▽

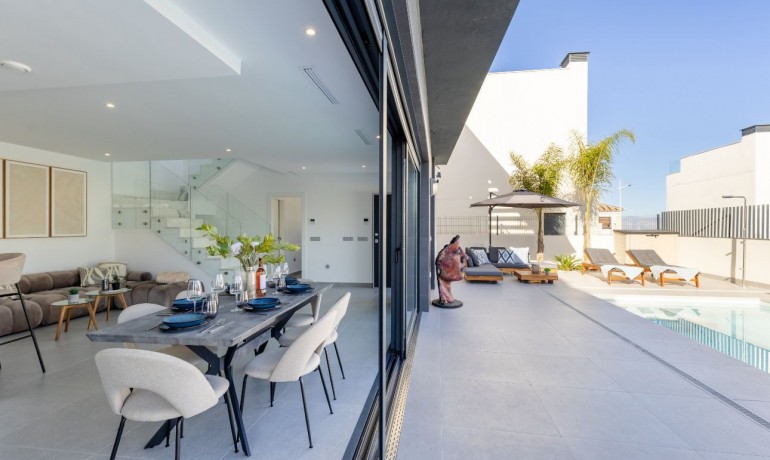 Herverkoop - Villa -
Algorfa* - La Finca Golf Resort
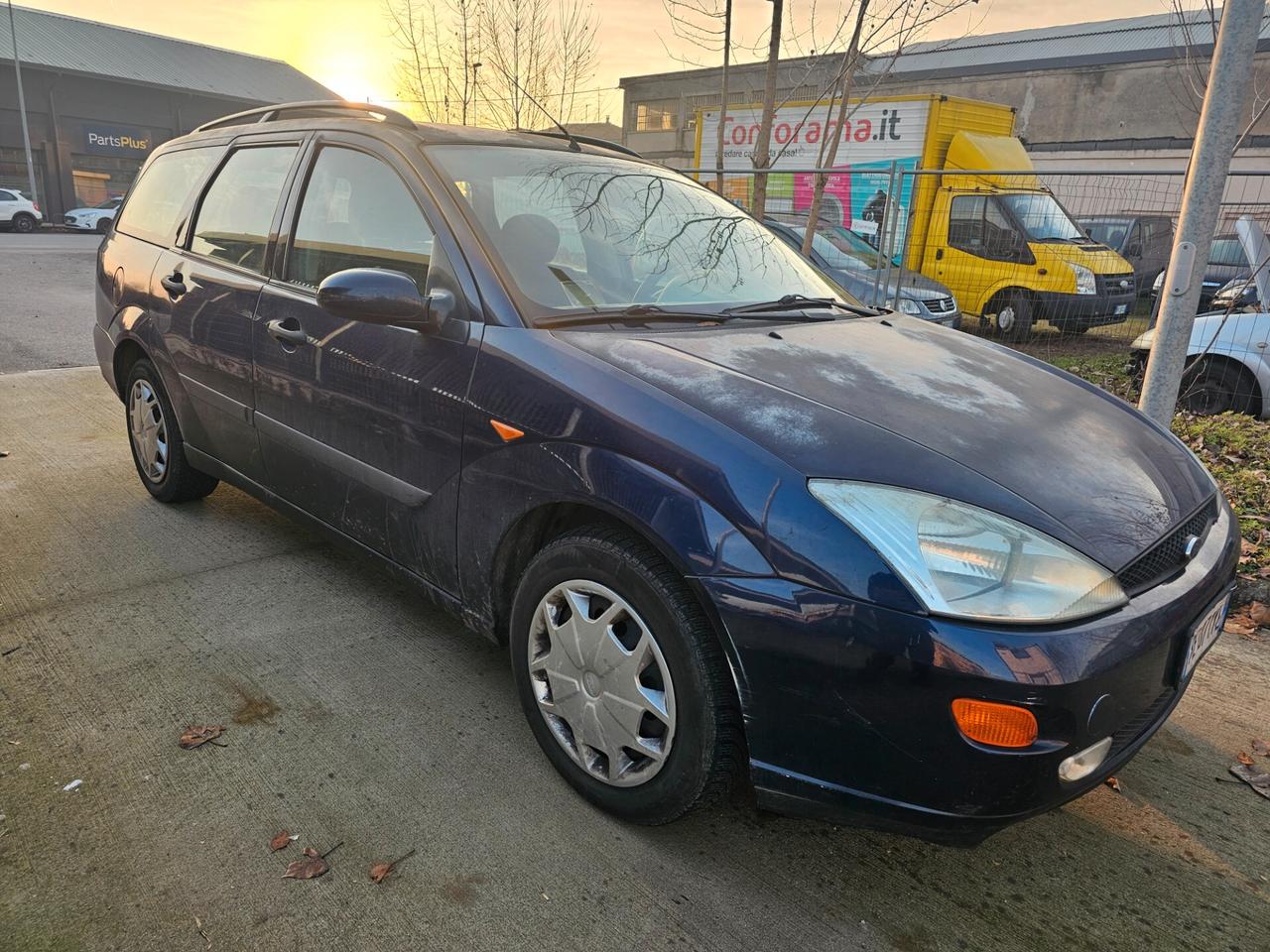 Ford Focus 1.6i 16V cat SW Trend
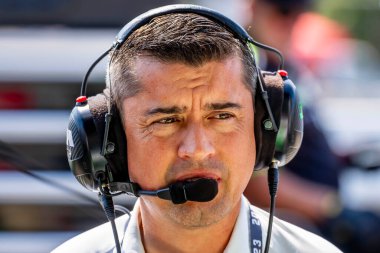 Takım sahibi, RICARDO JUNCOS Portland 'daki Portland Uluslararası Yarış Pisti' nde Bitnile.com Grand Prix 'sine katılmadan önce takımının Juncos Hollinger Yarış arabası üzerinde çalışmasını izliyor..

△

_About this exercise_
Your answer must be an exact copy of the lines from the line with "Algorfa* - La Finca Golf Resort" to the final line of the data, both ends included, and no pictures.

_Solution to this exercise_
Algorfa* - La Finca Golf Resort
 Ford Focus 1.6i 16V cat SW Trend
 Takım sahibi, RICARDO JUNCOS Portland 'daki Portland Uluslararası Yarış Pisti' nde Bitnile.com Grand Prix 'sine katılmadan önce takımının Juncos Hollinger Yarış arabası üzerinde çalışmasını izliyor..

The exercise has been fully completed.